The Tridentine Mass
Commonweal, Sept 8, 2000 by Bill Shuter
Recently, for the first time in more than thirty years, I had an opportunity to attend the Tridentine Mass of my youth. It was celebrated at a parish church in Flint, Michigan, by the pastor of the university chapel in Ypsilanti of which I am a member.
The Mass left me with a set of strong but conflicting impressions. Of course, some of my impressions are personal or peculiar to Catholics of my generation. For the first half of my life, the Tridentine Mass was the only Mass I knew. What to younger Catholics today might seem strange and perhaps alienating, impressed me at the Flint parish as familiar and even reassuring.
Personal associations aside, I was struck by the power of the old liturgy. Even nonbelievers like Carl Jung have acknowledged that the Tridentine Mass is a solemn rite of extraordinary power.

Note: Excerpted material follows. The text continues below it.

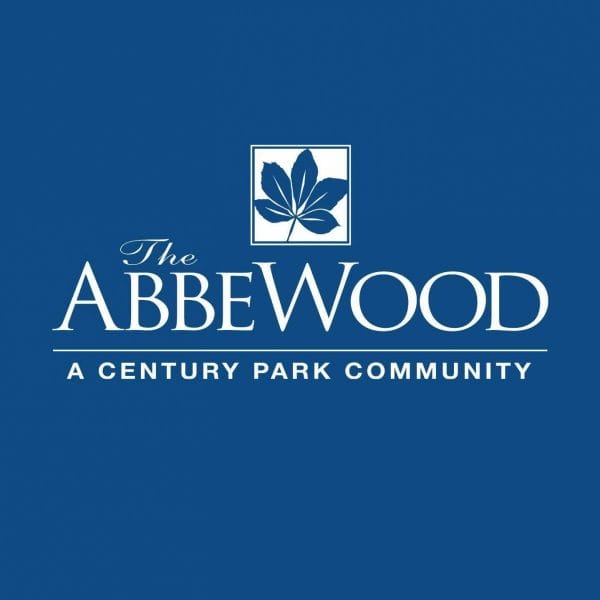 The AbbeWood Logo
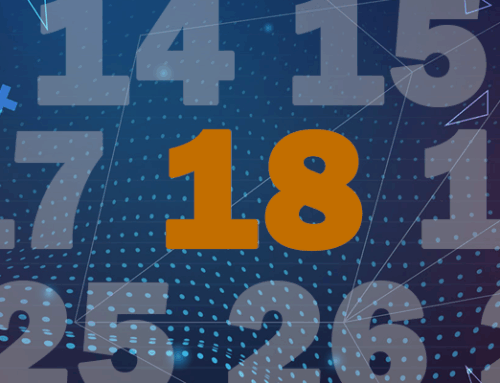 18th Annual Meeting BGSIAM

The very entrance of the priest, bearing the veiled chalice and paten and preceded by servers, announces that an action of extraordinary importance is about to be reenacted. It may be reenacted daily, but it is no everyday action. From the repeated allusions to offering, oblation, and victim, it becomes clear that the action is a sacrifice. By its nature the Mass is always a sacrifice, but its sacrificial character is more insistently affirmed and articulated in the Tridentine than in the present rite.

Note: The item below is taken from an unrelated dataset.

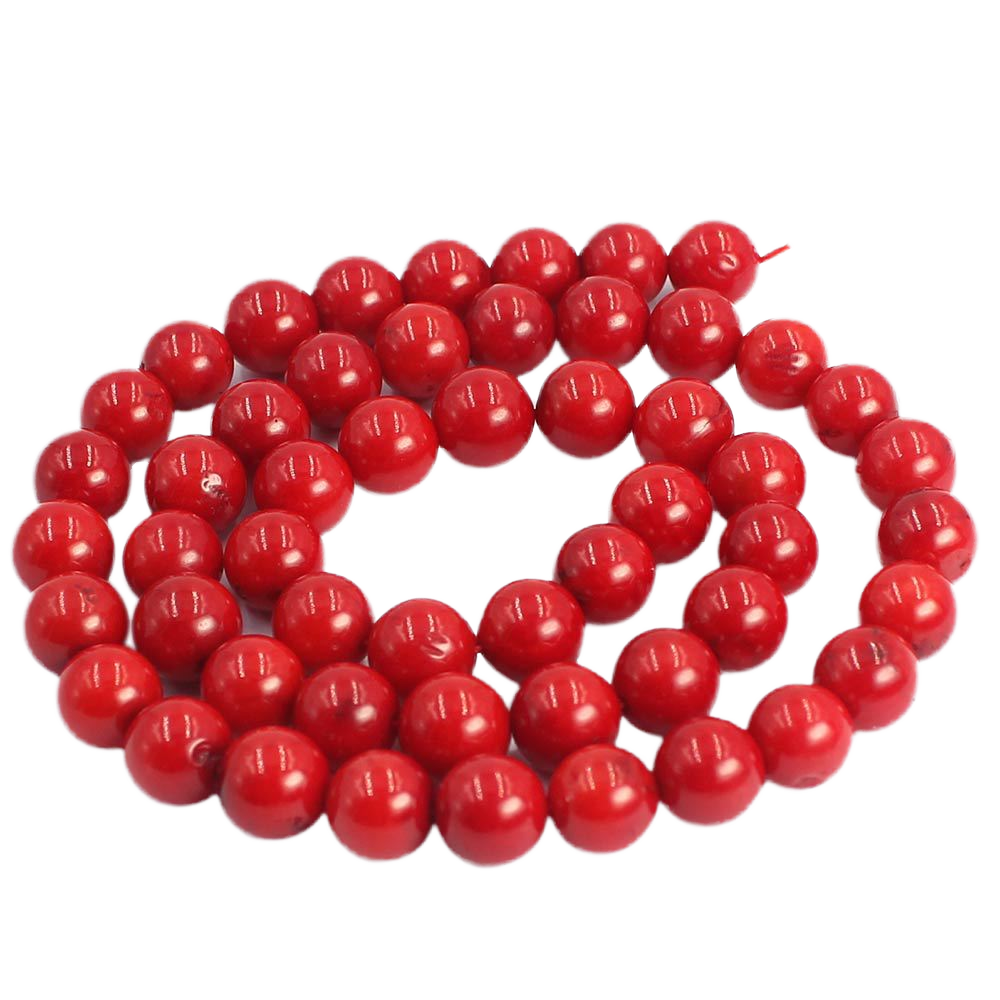 กำหนดเอง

The present Mass is a good deal shorter than the Tridentine rite. The inessential accretions of centuries have been removed. Inessential they may be, but many of the omitted parts were beautifully apt and of great devotional value. I'm thinking, for example, of the priest who may have celebrated Mass every day for forty or fifty years introducing each Mass with the psalm "Introibo ad altare Dei" (I will go unto the altar of God) and of the response of the server (who was always an altar boy): "Ad Deum qui laetificat juventutem meam" (Unto God who giveth joy to my youth). Or of the imposing coda with which the old rite invariably concluded, those magnificent opening words of the Gospel of John: "In principio erat Verbum, et Verbum erat apud Deum, et Deus erat Verbum."

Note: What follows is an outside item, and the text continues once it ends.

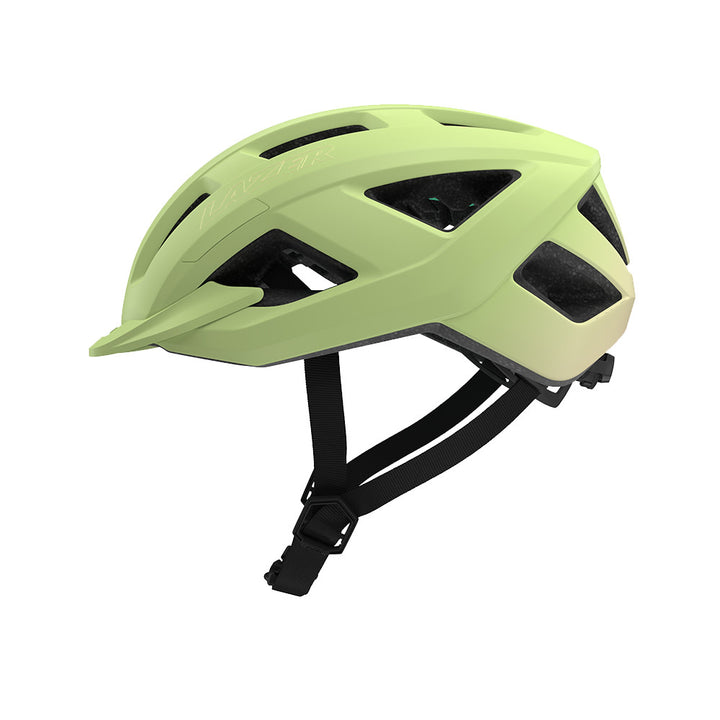 Lazer Cerro Kineticore Helmet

Latin, of course, is the language of the Tridentine rite. Most of my older Catholic friends are grateful for the change from Latin to the vernacular, and most of the younger Catholics I know take the English Mass for granted and are unable to imagine attending a liturgy in a language other than the one they speak. A vernacular liturgy has much to recommend it, but there are several things still to be said for Latin. If eloquence is a quality we ask of the public prayer of the church, it must be acknowledged that the contemporary English version is lacking in rendering either the exaltation or the concision of the climax of the Gloria, "Quoniam tu solus sanctus. Tu solus Dominus. Tu solus altissimus," or the so-called Common Preface, "Per quem majestatem tuam laudant Angeli, adorant Dominationes, tremunt Potestates."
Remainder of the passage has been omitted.